Mechanical Properties of Ordered and Disordered Iron-Cobalt Nanoparticles Fabricated by Solid-State Dewetting

events hall

Mrs. Yarden Nathan Yadgar - M.Sc. Candidate

14/06/2026

David Wang Auditorium, 3rd Floor, Dalia Maydan Bldg.

13:30

Fe-Co alloys exhibit a unique combination of magnetic and mechanical properties, yet their behavior at the scale of individual nanoparticles is largely unknown. In this work we fabricated FeCo nanoparticles using top-down approach and uncovered the physics that governs their strength at the nanoscale.

The nanoparticles are produced by solid-state dewetting of 30 nm Fe-Co bilayer thin films deposited on sapphire substrates. After annealing at 900°C, the films break up into well-faceted, single-crystalline particles of a homogeneous body centered cubic (BCC) phase with a (110) top facet — ideal specimens for nanomechanical testing. A central goal was to investigate how chemical ordering — the A2 (disordered BCC) to B2 (ordered) phase transformation — affects mechanical properties. Achieving the ordered phase, however, proved to be a story in itself: despite annealing at 500°C, the particles remained disordered.

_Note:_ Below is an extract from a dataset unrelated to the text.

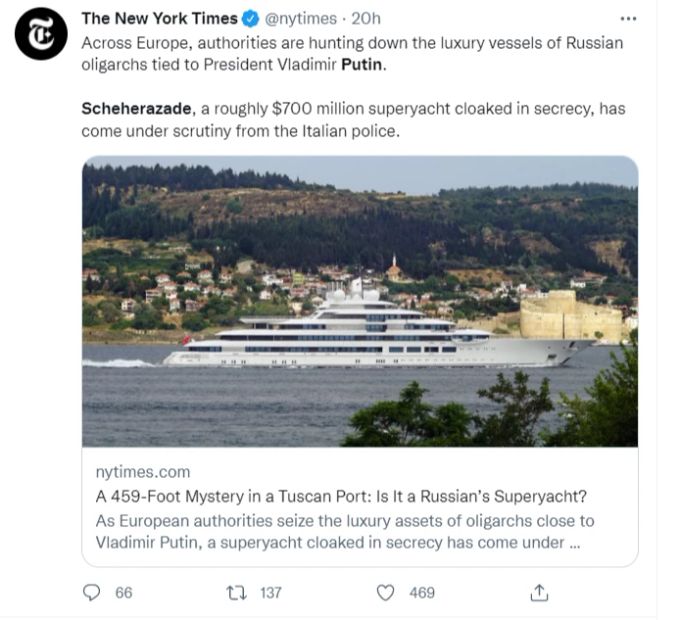 Gehört diese Superyacht tatsächlich Wladimir Putin? Scheherazade putin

Kinetic experiments revealed atomic intermixing already at 380°C, with superlattice diffraction peaks appearing only after annealing at the temperature of 600°C. This behavior is explained by the high vacancy formation energy of 1.45 eV in FeCo, which suppresses the vacancy-mediated diffusion required for long-range ordering. Partially ordered FeCo nanoparticles were obtained by prolonged dewetting treatment of the bilayers at the temperature of 600°C.

Mechanical properties were measured by employing in-situ microcomression tests inside the SEM using a flat circular diamond indenter. Both ordered and disordered particles demonstrated the load-displacement curves typical for dislocation nucleation-controlled plasticity: elastic loading segment followed by abrupt displacement burst. The results reveal a striking size effect on the particle strength: the normalized critical resolved shear stress scales as τ_”CRSS” /G∝(D/b)^(-1.15), where G, D, and b are the shear modulus, top facet diameter, and Burgers vector, respectively. Especially noteworthy was a giant strength of the smallest studied B2 nanoparticles. These findings point to dislocation starvation and surface-controlled plasticity as the dominant deformation mechanisms in these nanoscale BCC and B2 nanoparticles.